Auxílio Brasil vai elevar risco fiscal, diz economista que trabalhou com Guedes
Para Caio Megale, que integrou equipe econômica, saída para Auxílio Brasil desconstrói arcabouço fiscal e tende a manter valor do benefício no próximo governo
A decisão de fixar um valor de R$ 400 para o Auxílio Brasil, programa que substituirá o Bolsa Família em 2022, é uma sinalização clara do governo Jair Bolsonaro de desconstrução da estrutura da política de controle das contas públicas do país.
A avaliação é do economista-chefe da XP, Caio Megale, referindo-se à regra do teto de gastos (que limita o aumento das despesas públicas à inflação do ano anterior) e à Lei de Responsabilidade Fiscal (LRF).
Embora tenha sido anunciado como temporário, com prazo de 14 meses, dificilmente o benefício será extinto em um próximo governo, independentemente de quem vencer a eleição, pondera o economista, que fez parte da equipe do ministro Paulo Guedes até julho do ano passado.
Leia a seguir os principais trechos da entrevista que ele concedeu ao GLOBO após o anúncio do projeto do Auxílio Brasil.
Como avalia o rompimento do teto de gastos em R$ 30 bilhões para custear o Auxílio Brasil?
Se pegarmos apenas os R$ 30 bilhões, considerando que a arrecadação fiscal está crescendo, e se o benefício fosse temporário, não seria o fim do mundo. O maior problema que vejo é o filme e não o retrato. É a sinalização que o governo está dando.
E qual é a essa sinalização?
É a sinalização de que estamos rompendo as regras fiscais num momento em que elas deveriam estar voltando ao normal.
É diferente de 2020, e mesmo deste ano (2021), em que o auxílio emergencial foi prorrogado por causa dos números ruins da pandemia. Mas agora, com a vacinação adiantada e algumas cidades discutindo até o fim do uso das máscaras...
Qual era a alternativa?
Não quero entrar no mérito de discutir os gastos sociais, mas vamos de um auxílio de R$ 300 para R$ 400. Se ficasse em R$ 300, estaria no teto. Precisa ser maior por causa da inflação?

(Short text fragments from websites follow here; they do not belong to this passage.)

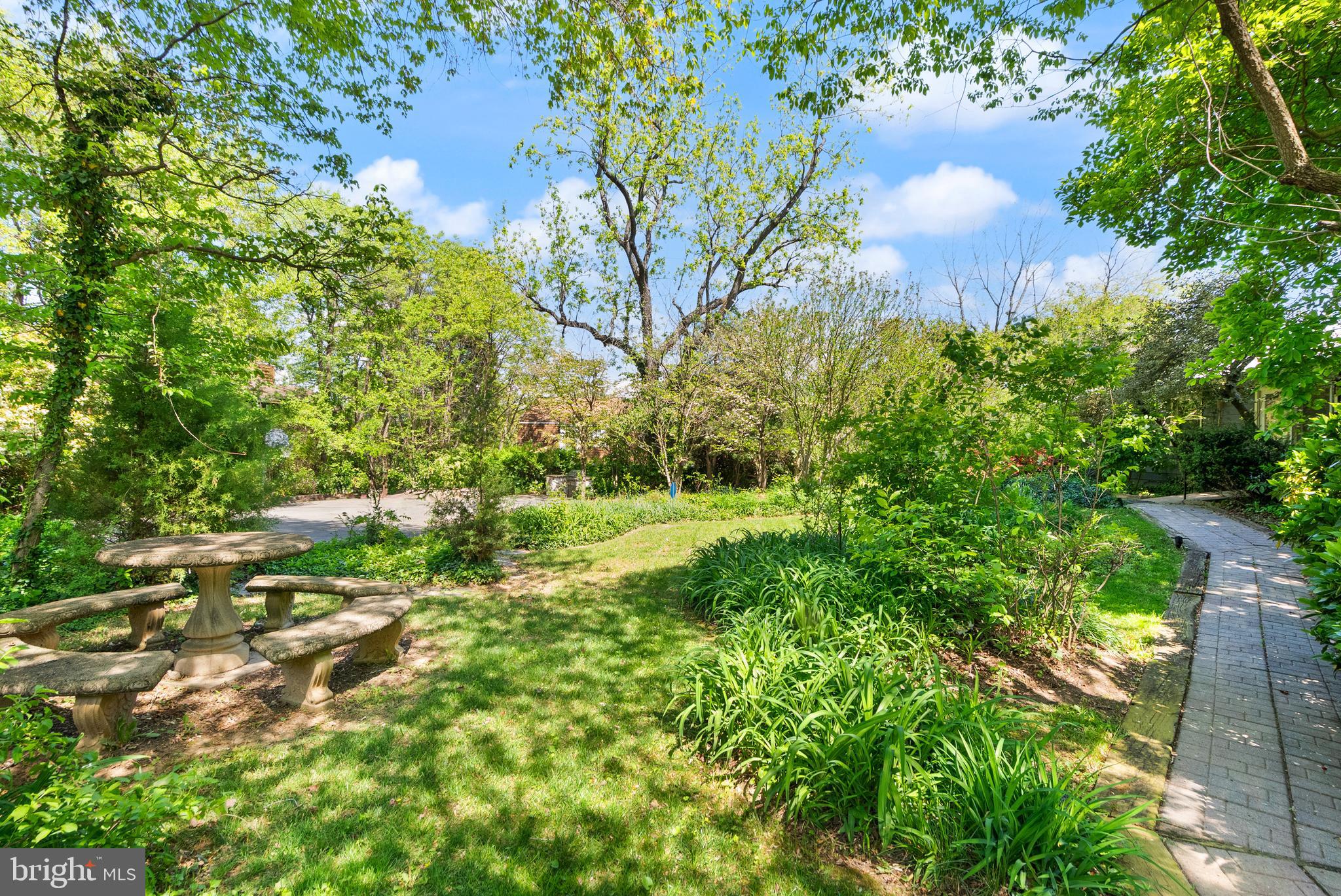 1608 Chain Bridge Road McLean, VA 22101 - Photo 24 of 37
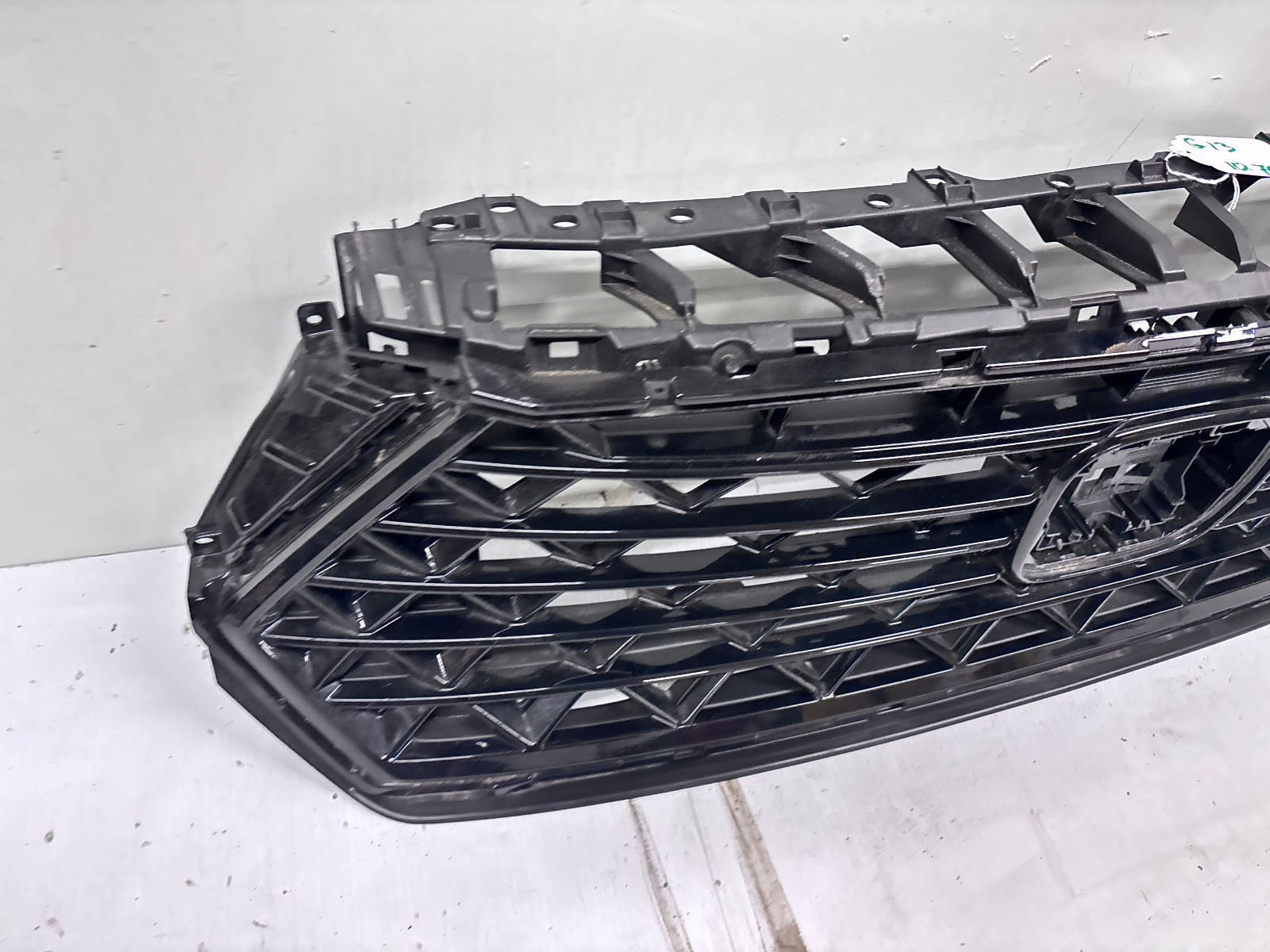 2023-2025 Honda Accord Black Front OEM Grille 71200-30A-A01 - Image 9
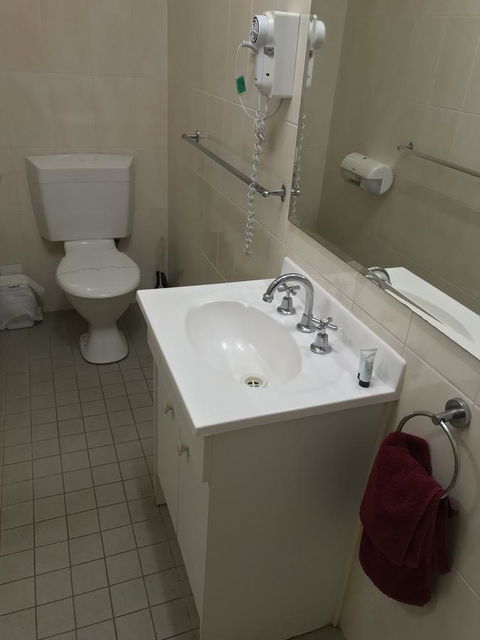 Travelway Motel - Accommodation ACT 14
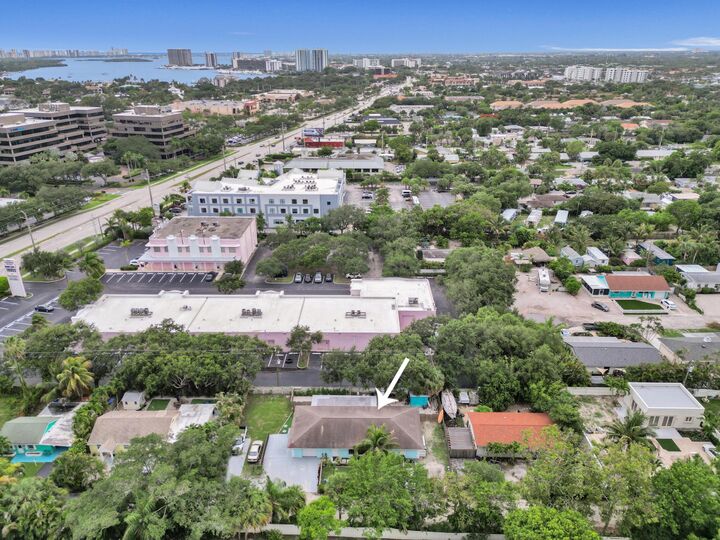 Property Photo:  1718 Ridge Road  FL 33408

Mas então poderiam reduzir as emendas parlamentares ou o gasto tributário para buscar espaço no teto. Mas em vez disso, estão acelerando os gastos. Há uma desconstrução do arcabouço fiscal. O Brasil está colocando em xeque o teto de gastos e a Lei de Responsabilidade Fiscal (LRF).

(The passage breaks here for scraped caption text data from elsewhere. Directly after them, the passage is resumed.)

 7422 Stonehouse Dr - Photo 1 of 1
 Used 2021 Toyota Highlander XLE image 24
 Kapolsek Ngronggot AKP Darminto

Esse movimento do governo era esperado?
Não dá para dizer que fomos surpreendidos. Lá no início do ano, prevíamos um cenário alternativo como esse.
Mas agora ele está se tornando o cenário central. O risco fiscal é crônico no país, já que a dívida é alta e o Brasil deficitário. Esses episódios são como aquela hérnia que está sempre ali, mas que em algum momento trava a gente de andar.
Quais as consequências?
O dólar acima de R$ 5 não reflete as contas externas do país. Ele reflete o risco agudo da economia. A inflação também está mais alta por causa do risco fiscal.
A gente previa uma reunião do Banco Central mais previsível, com alta de um pouco mais de um ponto percentual na Selic (que está atualmente em 6,25%). Mas agora ela pode ir a até 8,5% ou 9% este ano. Isso agrava a situação.
Elevar o auxílio a R$ 400 pode ser considerada uma medida eleitoreira, já que ele vai durar exatamente 14 meses?
Não dá para dizer que é eleitoreira. A questão é que o mandato vai terminar com esse valor de auxílio. Se o presidente for reeleito vai retirar? Não. O Lula já vem dizendo que é preciso repensar o teto de gastos. Fica a clara a sensação de que o auxílio não é só por mais um ano.
E quem vai receber são os beneficiários do Bolsa Família, que serão elevados de 14 milhões para 17 milhões de famílias. Mas e os demais que estão recebendo auxílio emergencial agora? Não vão receber nada? O risco é de esses R$ 30 bilhões fora do teto virarem R$ 40 bilhões, R$ 50 bilhões no Congresso.